## The task:
Every line from the one containing "A MUGHAL GEM" through the last line below should be reproduced exactly; please include nothing else.

*** Provided data

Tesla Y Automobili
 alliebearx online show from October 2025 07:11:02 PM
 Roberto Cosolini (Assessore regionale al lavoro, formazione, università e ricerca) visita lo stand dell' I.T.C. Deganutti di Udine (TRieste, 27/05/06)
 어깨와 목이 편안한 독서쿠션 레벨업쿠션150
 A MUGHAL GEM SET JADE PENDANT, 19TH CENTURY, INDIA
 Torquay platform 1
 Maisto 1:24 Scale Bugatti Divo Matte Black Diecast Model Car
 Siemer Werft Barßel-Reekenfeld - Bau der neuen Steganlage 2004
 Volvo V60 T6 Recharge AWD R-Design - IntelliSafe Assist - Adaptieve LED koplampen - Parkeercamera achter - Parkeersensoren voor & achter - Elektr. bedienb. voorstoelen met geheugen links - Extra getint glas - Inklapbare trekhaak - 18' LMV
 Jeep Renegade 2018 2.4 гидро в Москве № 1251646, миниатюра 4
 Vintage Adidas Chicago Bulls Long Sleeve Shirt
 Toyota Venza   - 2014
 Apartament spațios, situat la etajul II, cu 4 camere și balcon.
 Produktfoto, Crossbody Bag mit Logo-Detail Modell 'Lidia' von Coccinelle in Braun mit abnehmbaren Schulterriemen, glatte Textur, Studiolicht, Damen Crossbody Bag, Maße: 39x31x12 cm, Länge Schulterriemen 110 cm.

******

## Response box:
 A MUGHAL GEM SET JADE PENDANT, 19TH CENTURY, INDIA
 Torquay platform 1
 Maisto 1:24 Scale Bugatti Divo Matte Black Diecast Model Car
 Siemer Werft Barßel-Reekenfeld - Bau der neuen Steganlage 2004
 Volvo V60 T6 Recharge AWD R-Design - IntelliSafe Assist - Adaptieve LED koplampen - Parkeercamera achter - Parkeersensoren voor & achter - Elektr. bedienb. voorstoelen met geheugen links - Extra getint glas - Inklapbare trekhaak - 18' LMV
 Jeep Renegade 2018 2.4 гидро в Москве № 1251646, миниатюра 4
 Vintage Adidas Chicago Bulls Long Sleeve Shirt
 Toyota Venza   - 2014
 Apartament spațios, situat la etajul II, cu 4 camere și balcon.
 Produktfoto, Crossbody Bag mit Logo-Detail Modell 'Lidia' von Coccinelle in Braun mit abnehmbaren Schulterriemen, glatte Textur, Studiolicht, Damen Crossbody Bag, Maße: 39x31x12 cm, Länge Schulterriemen 110 cm.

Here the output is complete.